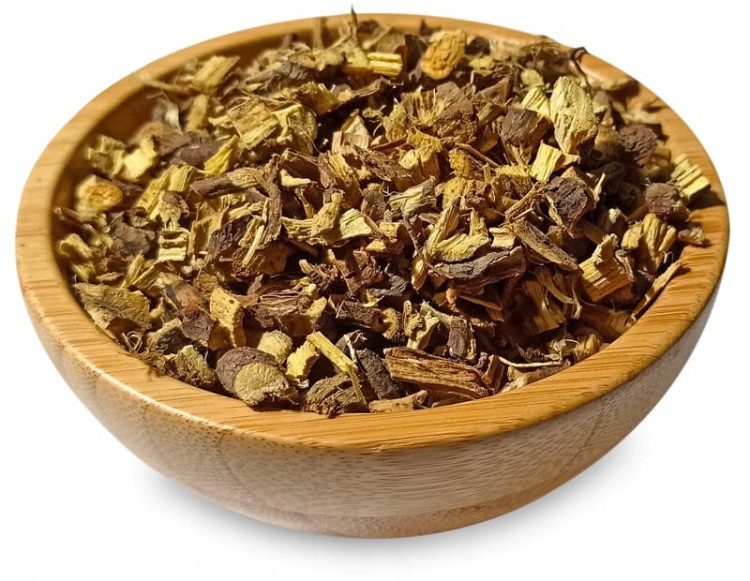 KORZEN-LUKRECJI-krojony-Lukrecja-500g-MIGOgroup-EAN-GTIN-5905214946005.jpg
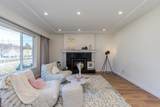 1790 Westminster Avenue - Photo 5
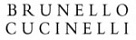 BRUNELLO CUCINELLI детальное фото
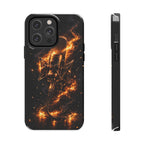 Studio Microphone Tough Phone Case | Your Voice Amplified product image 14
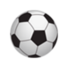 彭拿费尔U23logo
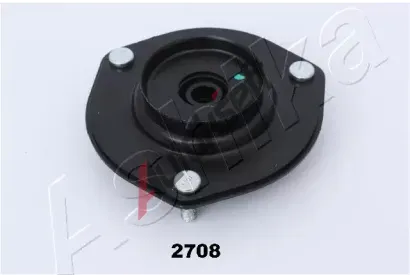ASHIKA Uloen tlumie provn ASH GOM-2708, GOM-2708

● ● ● ● ● ● ●

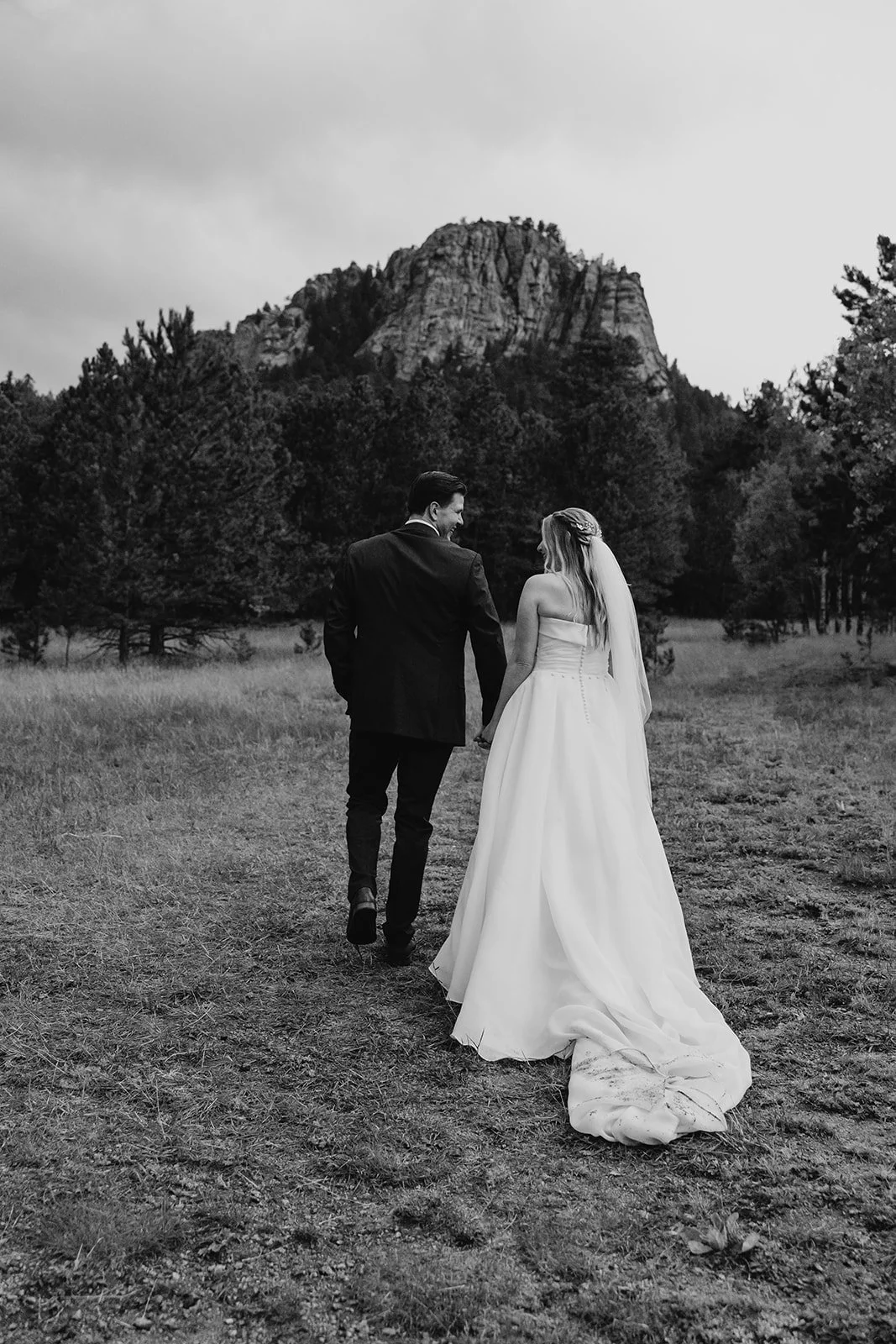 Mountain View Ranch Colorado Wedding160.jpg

● ● ● ● ● ● ●

What you need to do
Give back, exactly and without pictures, the stretch of the records above from the line containing "彭拿费尔U23logo" through the line containing "ASHIKA Uloen tlumie", with both end lines included.

Output below
 彭拿费尔U23logo
ASHIKA Uloen tlumie provn ASH GOM-2708, GOM-2708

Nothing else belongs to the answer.